┌─ Data section
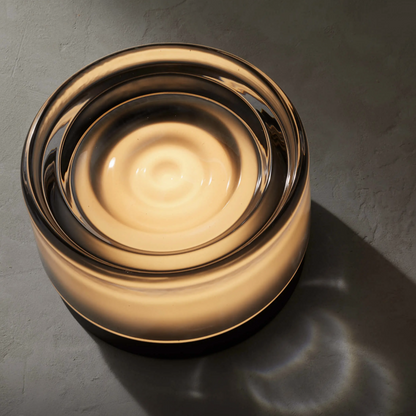 Round wall light fixture on a textured wall
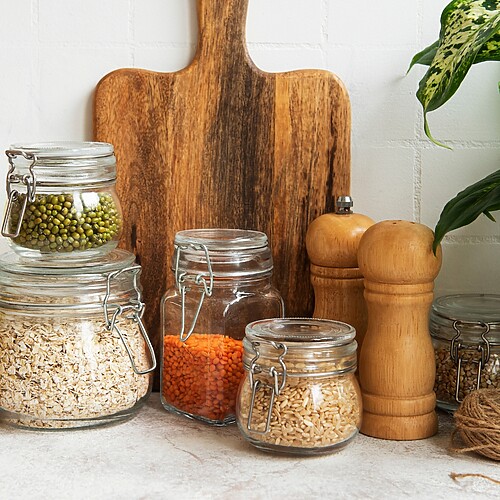 Organized pantry counter with glass jars of grains, legumes, infused oils, and a wooden cutting board.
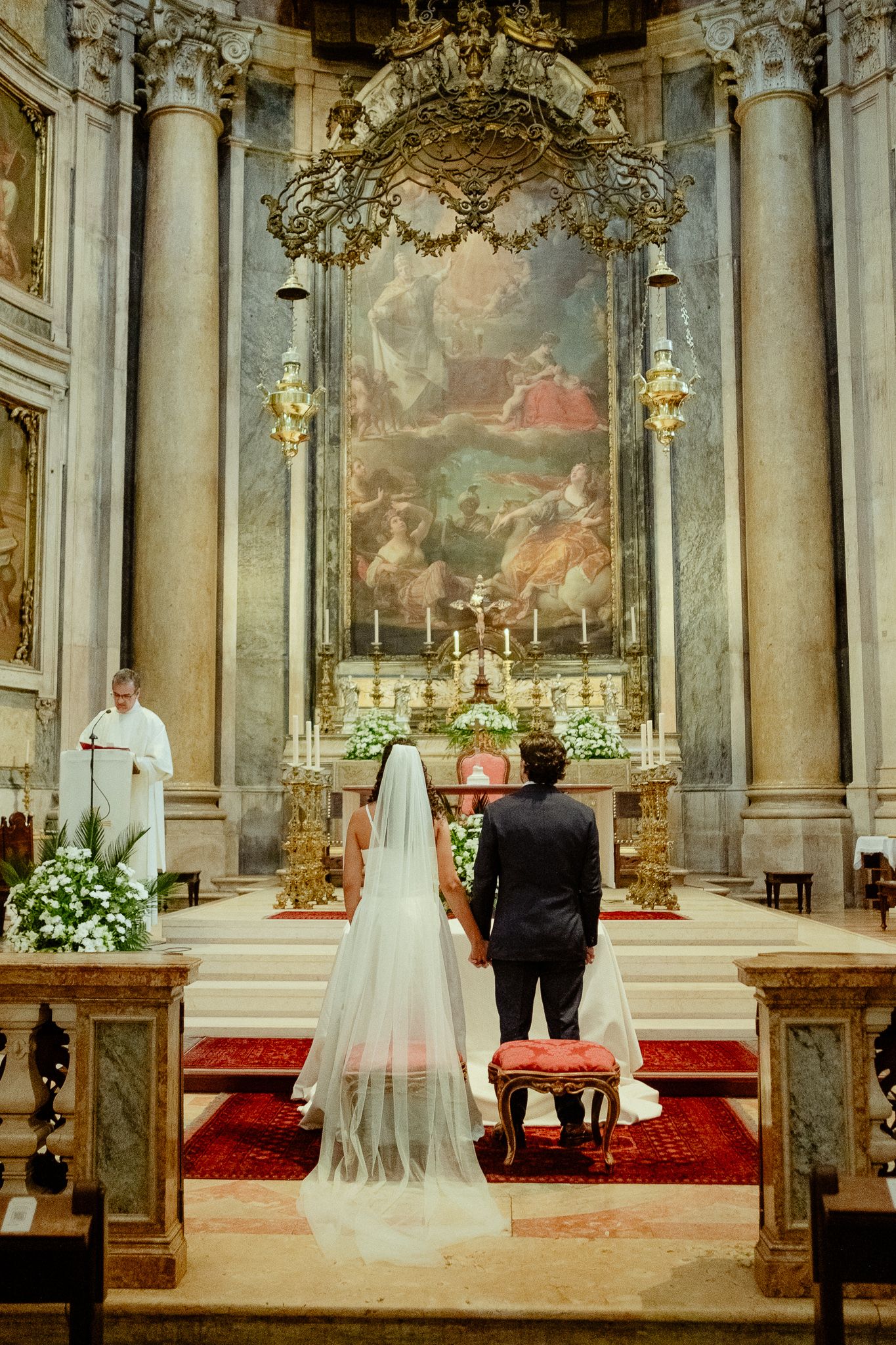 Bride and groom standing at ornate church altar during wedding ceremony with large baroque painting backdrop.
└─
● What the task requires: Where the line containing "Organized pantry counter" appears in the data above, begin there and output every line through the last, exactly and without pictures.

● Response to the task:
 Organized pantry counter with glass jars of grains, legumes, infused oils, and a wooden cutting board.
 Bride and groom standing at ornate church altar during wedding ceremony with large baroque painting backdrop.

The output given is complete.